Starting a retail business means you’re excited. Did you know – by adopting Best Practice Retail Sales Performance Standards you can immediately increase your sales and profit expectations by as much as 30%!
Why – because achieving sales objectives is more than just about what’s on your shelves and what your store looks like – it’s about having a customer focused mentality driven by key performance indicators (KPI) to inform staff at every level about the condition of the playing field.

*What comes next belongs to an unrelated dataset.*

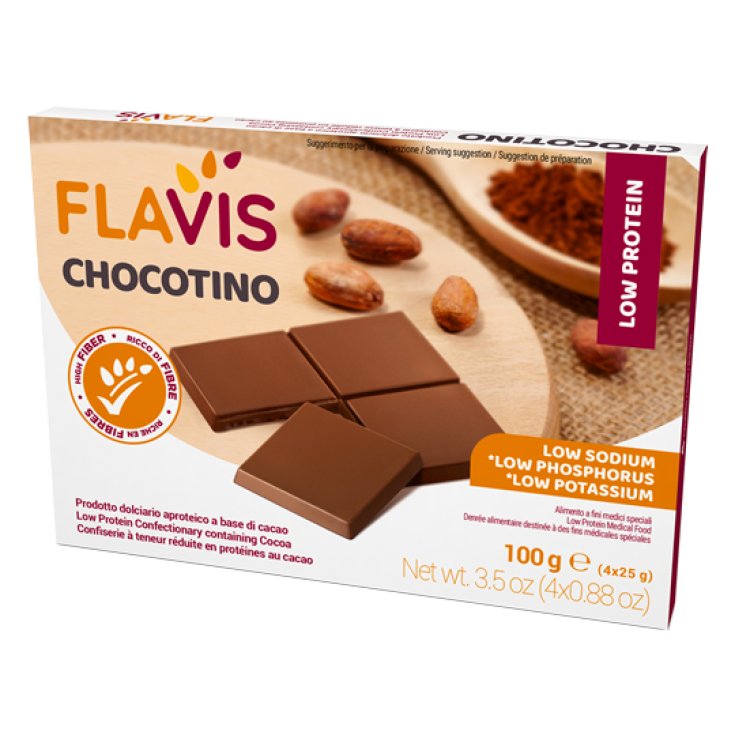 Flavis Chocotino Aproteico 100g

Complicated? Not at all. Retail Sales Performance is just like Sports Coaching. How would sports coaches know how to focus their athletes without statistics? How would racing car managers know how to fine tune their engines and performance – it’s all about statistics. When last did you watch a game on TV without them? They tell us about trends, behaviors, opportunities to increase performance, and they forecast the short to medium term future – enabling us to understand why and where we are heading.
Statistical measurement of fundamental sales performance drivers for any retailer is a prime need. With all manner of spreadsheets, POS systems reports, Dashboards and Scorecards, we use Key Performance Indicators (KPI) to communicate the strategy of the shareholders to the individuals in the company and we employ feedback systems to report the results. It is common practice to compare what we have forecast with what has actually taken place – statistically – so we can make judgments, changes and plans.
It is important to recognise that the standard (senior level) business indicators such as profit margin and wage costs do not drive bottom line sales on the shop floor. You cannot walk up to a Salesperson and say “We did 80% of budgeted sales – please increase your performance.” That’s like the manager of a football team saying to a player “We lost the past few games – you have to do better.” To the salesperson or player the information is useless – they cannot see a clear reason for their ‘under performance’.
What sports coaches do is take the Team Manager’s expectations (of winning) and filter them down to each individual player on the team – so each player can win for them (and the team). The coach measures performance of a few highly enlightening KPI’s that tells the players exactly in which areas to improve. In soccer it may be recording the “number of times a player touched the ball”, or “number of attempts at goal.” In baseball the coach could track “number of players on 3rd base” or “number of strike outs” etc.
It is common practice in retail to employ only five (5) KPI’s to track individual performance and deliver the on-target information for coaching purposes – more than five and the reporting system is too complex, confusing, and ambiguous. The five KPI’s for retailers are:
Sales per hour - a statistic tells us about the speed at which each individual salesperson is selling or attending to customers compared to everyone else on the shift.
Average Sale – the average selling price of each individual salesperson compared to everyone else on the shift – higher averages show a greater knowledge of product as the salesperson is able to sell higher ticket items. Low statistics reveal the salesperson lacks skill in either product knowledge or effective probing.
Items Per Sale – tells us about the ability of the salesperson to add-on to a sale.
Conversion Rate – tracks how many visitors to the store are turned into customers.
Wage to Sales Ratio – compares a salesperson’s hourly wages to hourly sales. This KPI identifies your clear performers and underperformers – and their value to you.
The most common reason retailers do not track the five vital KPI’s at a staff (team player) level, is their inability to easily and quickly, record and calculate data, to create meaningful reports. After all, one needs to track hours worked, set goals, track planned versus actual performance, and somehow level the playing field for all Salespeople. It can be a lot of work.
In a sports match the playing field is level at all times because everyone is simultaneously on the field. In a retail environment some salespeople will work during fast periods and others during slow periods of the day. A salesperson working during the lunch hours should be expected to sell more than a salesperson working early morning or late afternoon. So any realistic reporting system is going to have to weight individual sales targets – otherwise the data becomes ambiguous.
Critical to any Retail Sales Management Solution is the ability to “determine the most deficient statistic of the five KPI’s because it is logically understood that improving the worst KPI first will have the greatest increase in sales and staff motivation.
Imagine if you had a really simple to use Staff Roster (time and attendance software) that automatically assigned individual, weighted, sales targets to each salesperson, based on when they were working – then integrated with your POS (point of sale) terminal to instantly calculate the five (5) key performance indicators, and figure out the most deficient KPI - on demand! What if that software went further by having integrated sales behavior coaching tips built right into the system?
Playing the retail sales game to win means knowing why you are losing and how to go about fixing problem behavior areas. It's easier to improve retail sales skills than it is to re-stock a new product or brand.
To win in retail, measure the five principal KPI’s using an affordable solution – and put Best Practice in place for your fast track to success.
Good luck with your brand new store!